■ **Exercise**: In the data below, find every line with the word "about" and copy it out.

■ **Records shown**:
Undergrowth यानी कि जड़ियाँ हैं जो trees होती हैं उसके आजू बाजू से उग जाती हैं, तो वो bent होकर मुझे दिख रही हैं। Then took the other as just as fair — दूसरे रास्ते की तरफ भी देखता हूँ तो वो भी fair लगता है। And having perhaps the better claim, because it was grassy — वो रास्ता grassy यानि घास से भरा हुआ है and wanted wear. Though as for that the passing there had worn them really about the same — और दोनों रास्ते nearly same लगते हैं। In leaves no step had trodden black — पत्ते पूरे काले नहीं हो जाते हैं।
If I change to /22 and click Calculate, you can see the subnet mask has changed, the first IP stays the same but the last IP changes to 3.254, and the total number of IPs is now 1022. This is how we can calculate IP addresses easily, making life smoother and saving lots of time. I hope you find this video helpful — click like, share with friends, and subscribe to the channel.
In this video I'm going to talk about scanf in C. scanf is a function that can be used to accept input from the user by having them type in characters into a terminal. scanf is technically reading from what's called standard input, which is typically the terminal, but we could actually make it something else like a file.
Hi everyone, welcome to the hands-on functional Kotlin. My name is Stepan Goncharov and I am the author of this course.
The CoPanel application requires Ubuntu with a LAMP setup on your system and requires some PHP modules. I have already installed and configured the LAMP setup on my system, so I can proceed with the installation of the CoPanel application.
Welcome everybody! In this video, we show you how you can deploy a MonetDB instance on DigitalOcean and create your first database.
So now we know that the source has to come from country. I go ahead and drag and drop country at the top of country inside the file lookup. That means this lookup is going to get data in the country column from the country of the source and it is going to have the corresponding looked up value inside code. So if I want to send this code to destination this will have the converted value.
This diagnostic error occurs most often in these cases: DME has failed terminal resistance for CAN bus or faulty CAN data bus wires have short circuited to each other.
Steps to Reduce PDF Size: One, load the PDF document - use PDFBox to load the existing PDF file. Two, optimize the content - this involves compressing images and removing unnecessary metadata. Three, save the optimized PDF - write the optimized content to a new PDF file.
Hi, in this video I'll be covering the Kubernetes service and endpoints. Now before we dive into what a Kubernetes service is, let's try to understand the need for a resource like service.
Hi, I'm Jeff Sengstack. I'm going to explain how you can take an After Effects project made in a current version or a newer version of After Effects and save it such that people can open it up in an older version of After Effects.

■ **Written solution**:
Undergrowth यानी कि जड़ियाँ हैं जो trees होती हैं उसके आजू बाजू से उग जाती हैं, तो वो bent होकर मुझे दिख रही हैं। Then took the other as just as fair — दूसरे रास्ते की तरफ भी देखता हूँ तो वो भी fair लगता है। And having perhaps the better claim, because it was grassy — वो रास्ता grassy यानि घास से भरा हुआ है and wanted wear. Though as for that the passing there had worn them really about the same — और दोनों रास्ते nearly same लगते हैं। In leaves no step had trodden black — पत्ते पूरे काले नहीं हो जाते हैं।
In this video I'm going to talk about scanf in C. scanf is a function that can be used to accept input from the user by having them type in characters into a terminal. scanf is technically reading from what's called standard input, which is typically the terminal, but we could actually make it something else like a file.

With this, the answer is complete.